■ Records for this task
******
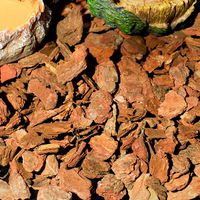 Granulés d'écorce de pin vert pour litière d'iguanes, litière pour lézards et tortues, aménagement de cage pour animaux, absorption des odeurs, rétention de l'humidité, 500g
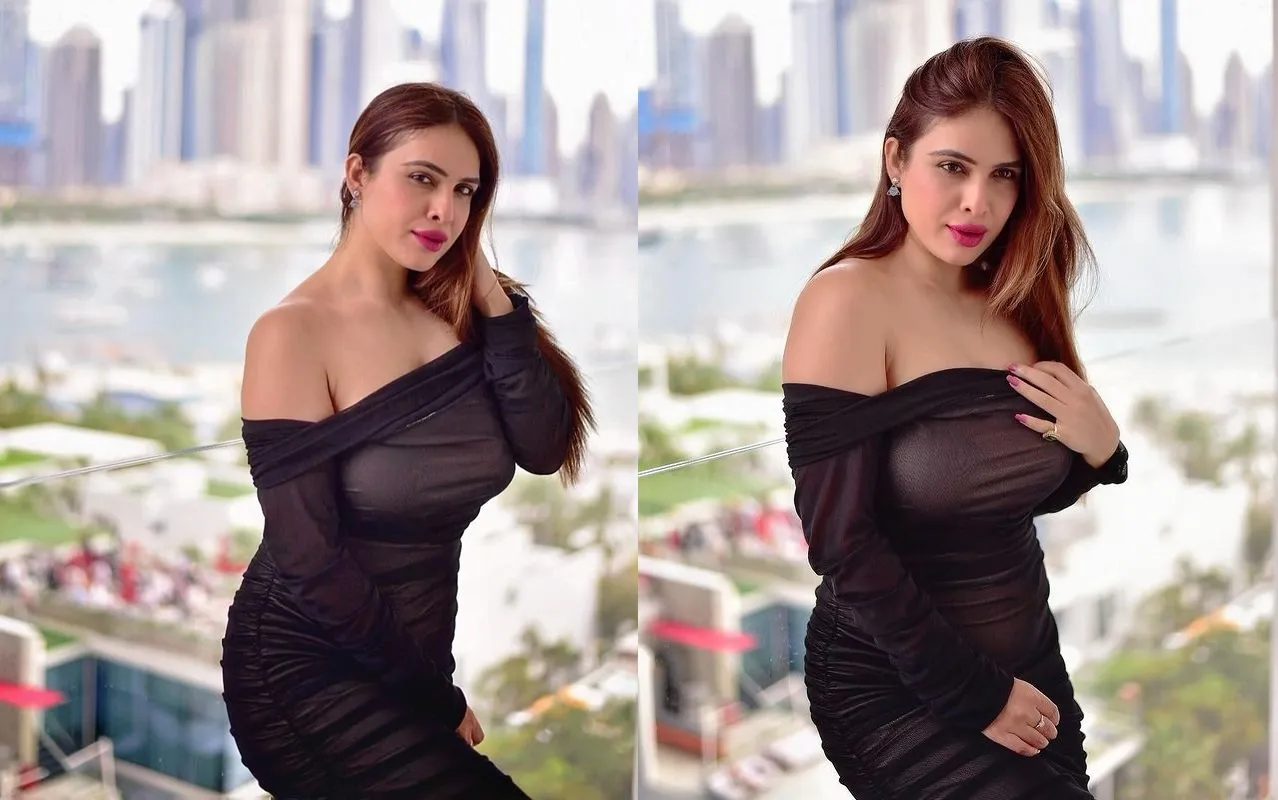 Neha Malik hot Pic: नेहा मलिक ने गॉर्जियस अवतार में शेयर की हॉट तस्वीरें, बॉडीकॉन आउटफिट में तस्वीरें हुई वायरल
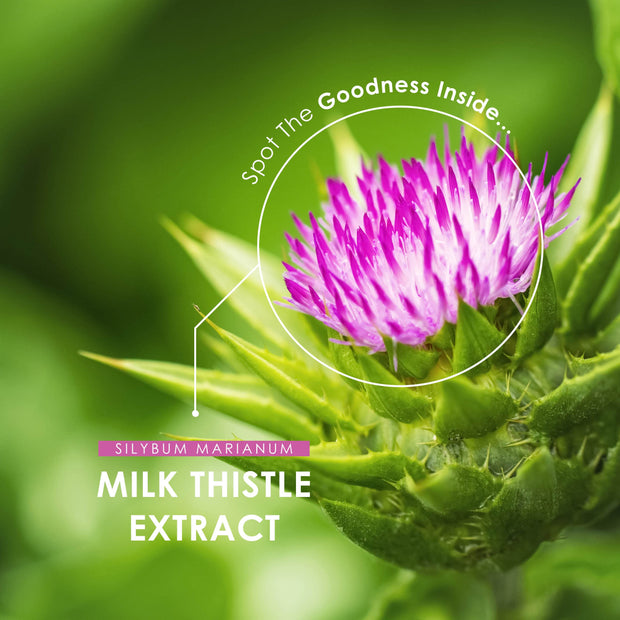 Milk Thistle 80% 30:1 - 7500mg - 120 Capsules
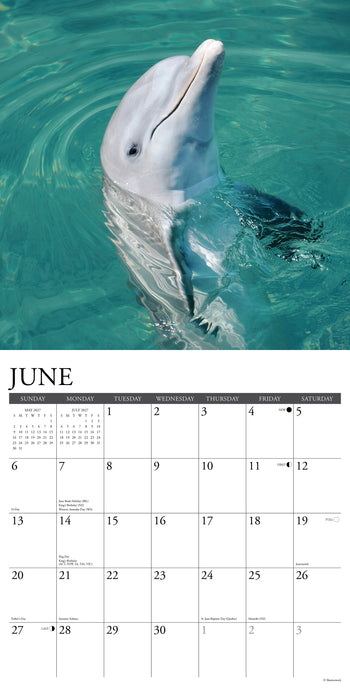 Dolphins 2027 Square Wall Calendar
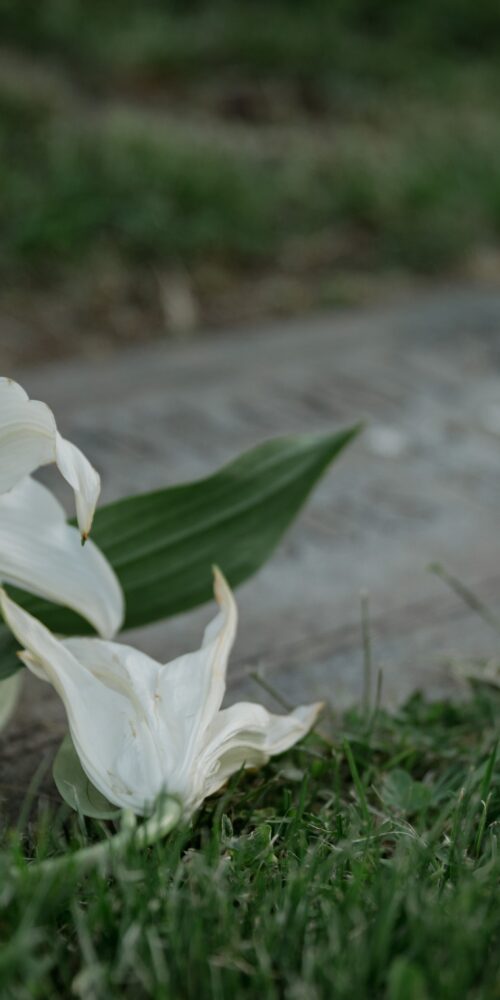 Loss and grief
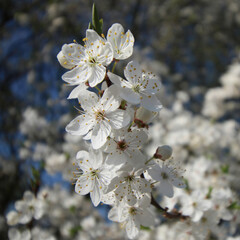 kwiaty mirabelki, mirabelka, kwiaty, krzew, białe kwiaty, kwitnąca mirabelka,  © Lula4ever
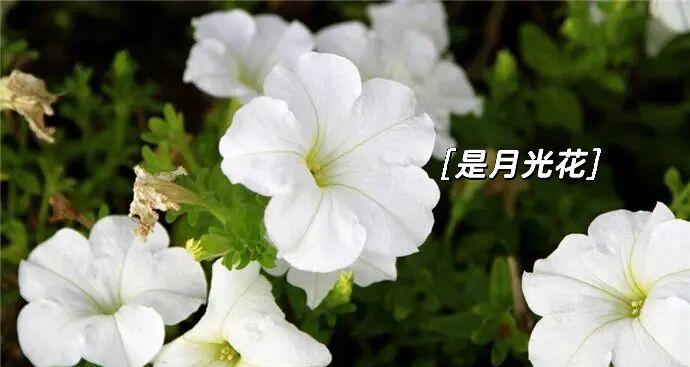 花语中转身即逝的爱是什么意思？它代表了什么？
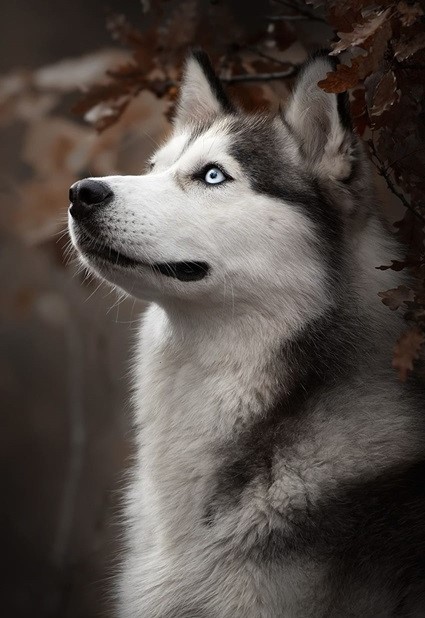 siberian husky dog kennel in india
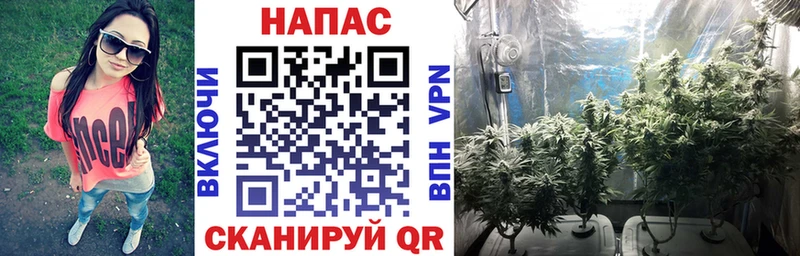 Канабис тримм Благодарный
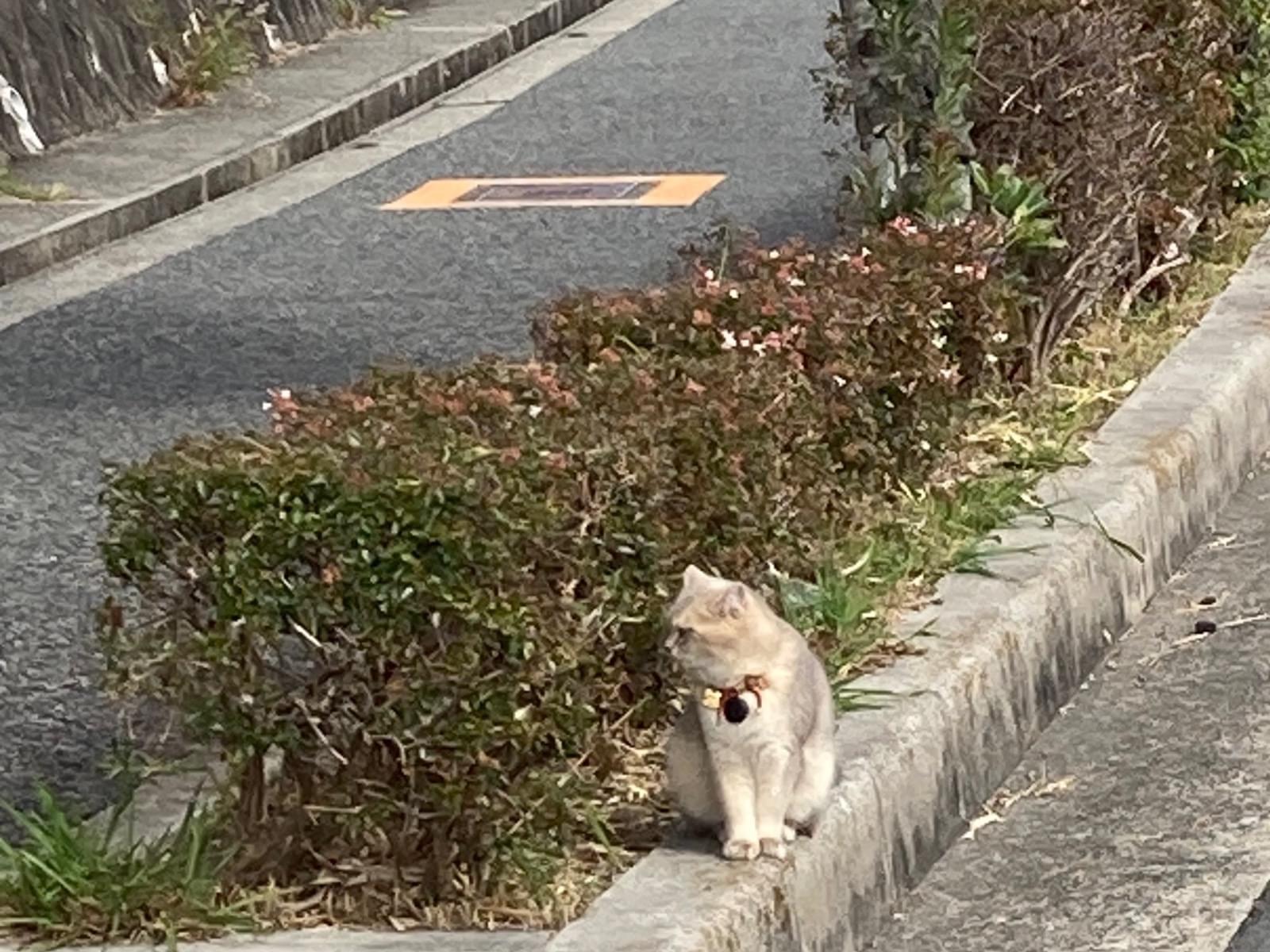 目撃された猫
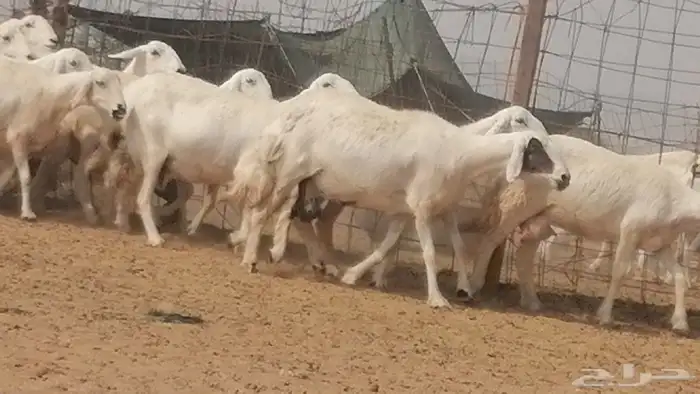 غنم حرية حرش دفع ضان حريات جروم 18 رأس طائفية 17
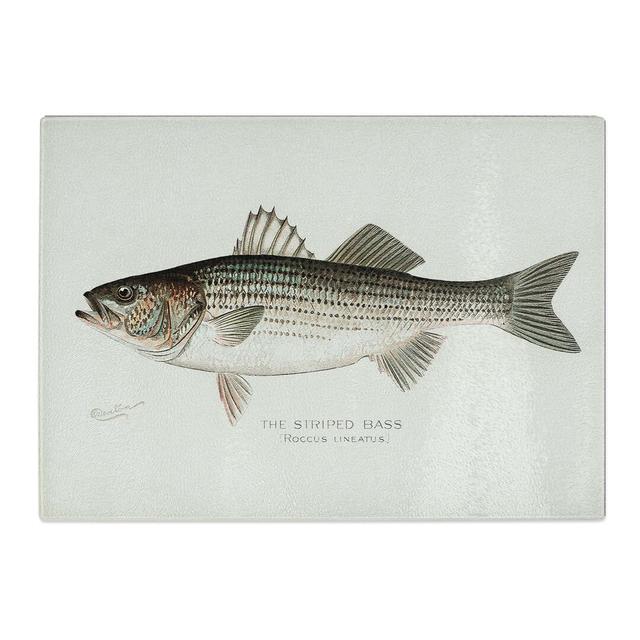 Tempered Glass Striped Bass by Sherman F. Denton Chopping Board East Urban Home Size: 39 cm x 28.5 cm on Productcaster.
******
■ Brief
Copy only the lines above from the one containing "Loss and grief" through the one containing "غنم حرية حرش", both included. Leave out the pictures.

■ Final answer
 Loss and grief
 kwiaty mirabelki, mirabelka, kwiaty, krzew, białe kwiaty, kwitnąca mirabelka,  © Lula4ever
 花语中转身即逝的爱是什么意思？它代表了什么？
 siberian husky dog kennel in india
 Канабис тримм Благодарный
 目撃された猫
 غنم حرية حرش دفع ضان حريات جروم 18 رأس طائفية 17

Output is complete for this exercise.